Nicht pauschal, nein. Aber häufig finden wir doch ausgeprägte Nährstoffmängel, die wir dann gezielt ausgleichen. Vitamin D zum Beispiel ist bei einigen Menschen oft künstlich nötig: Zum Falten- und Hautkrebsschutz nehmen viele schon am Morgen 50er LSF, auch wenn sie nur kurz draußen sind. Damit beugt man Falten vor und schützt die Haut vor Hautkrebs – aber Vitamin D produziert man dann auch nicht mehr.
Haben Sie noch einen Tipp für Menschen, die sich gerade so fühlen, als ob sie krank würden?

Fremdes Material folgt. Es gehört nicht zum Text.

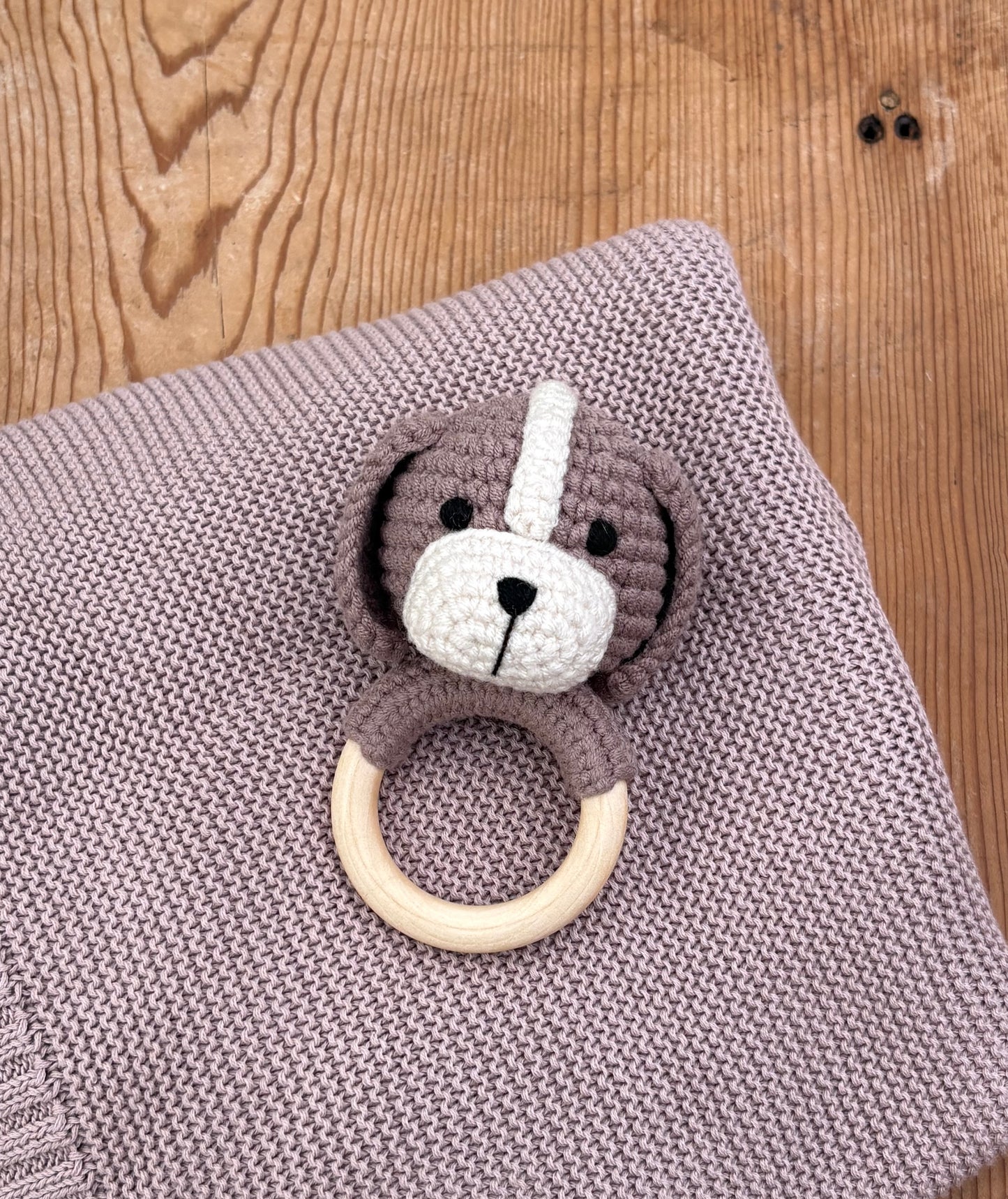 A crocheted dog-shaped baby teething ring toy with a wooden ring, resting on a knitted mauve blanket over a wooden surface.
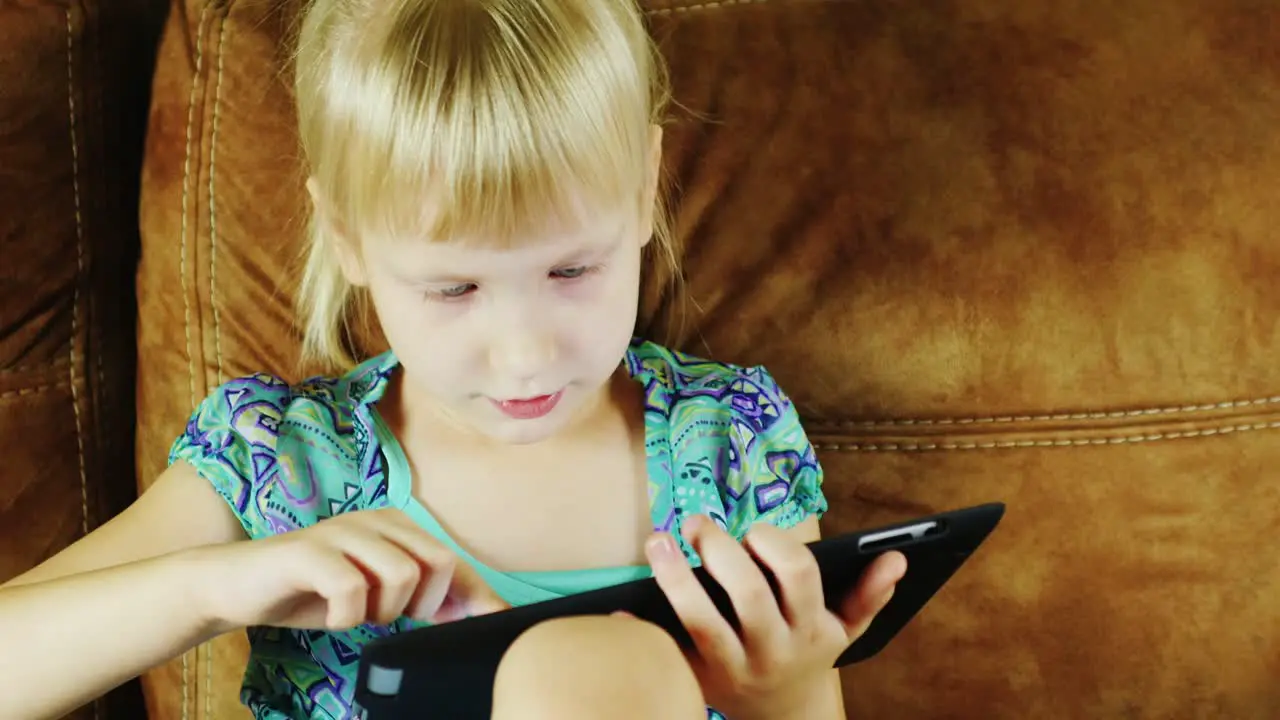 Young Caucasian Girl Using A Tablet 01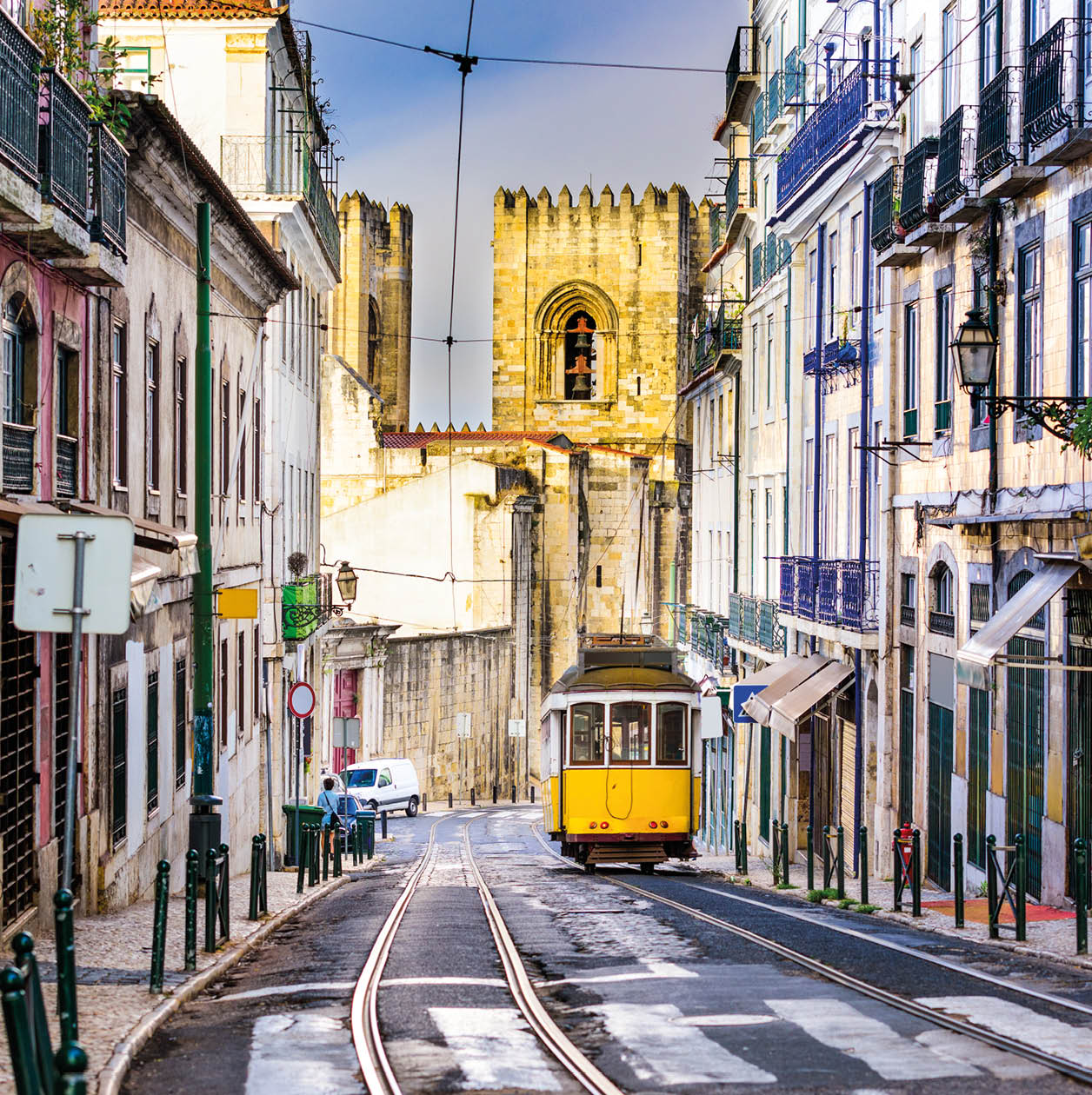 Lisbon, Porgugal cityscape and tram near Lisbon Cathedral.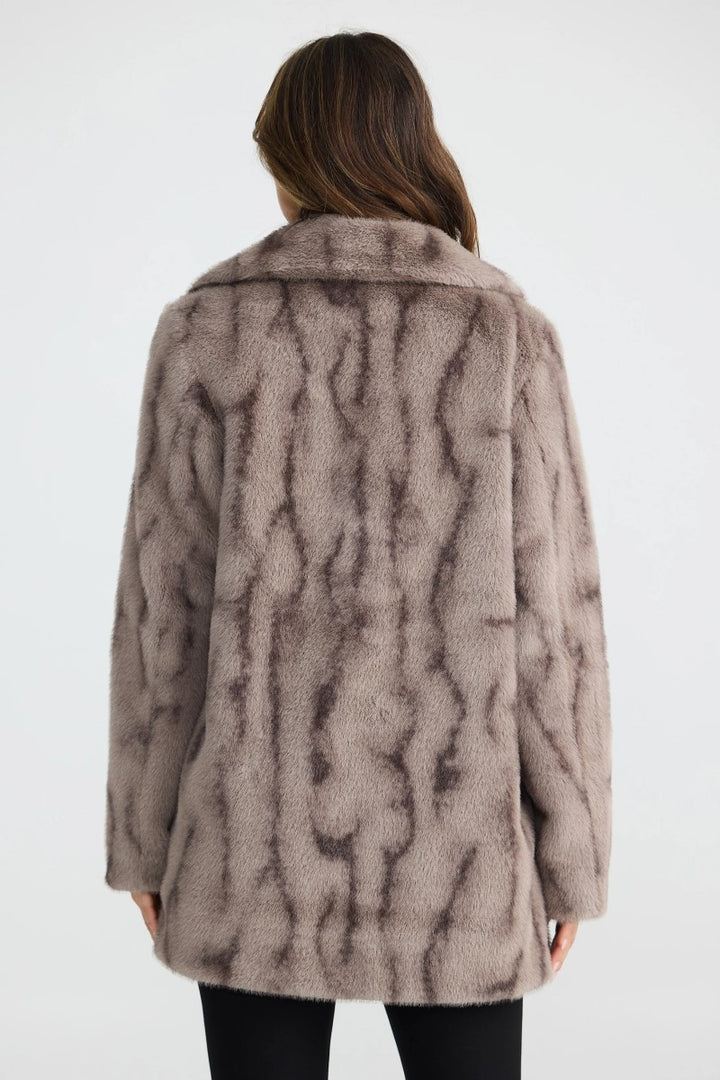 Back view of the Nadia Fur Coat in textured mink, showcasing its mid-thigh length and soft textured faux fur finish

Rechtzeitig Ruhephasen machen. Viele machen einfach weiter und hoffen, dass die Krankheit nicht durchbricht. Besser ist es, sich auf die Couch zu legen und runterzufahren. Dazu eine Extraportion Vitamin C - auch in Form von Supplementierung, und die am besten in kleineren Portionen über den Tag verteilt. Vitamin C ist nicht hitzebeständig, also lieber eine kalte Zitrone als eine heiße trinken. Und Zink am besten auf nüchternen Magen. Ingwer ist ein Wundermittel, je kleiner verarbeitet, desto besser – also ins Wasser reiben, nicht in Scheiben schneiden. Sehr gut hilft auch Überwärmung, also künstliches „Fieber“ machen, sprich: eine heiße Badewanne. Dann kann es immer noch in die richtige Richtung gehen.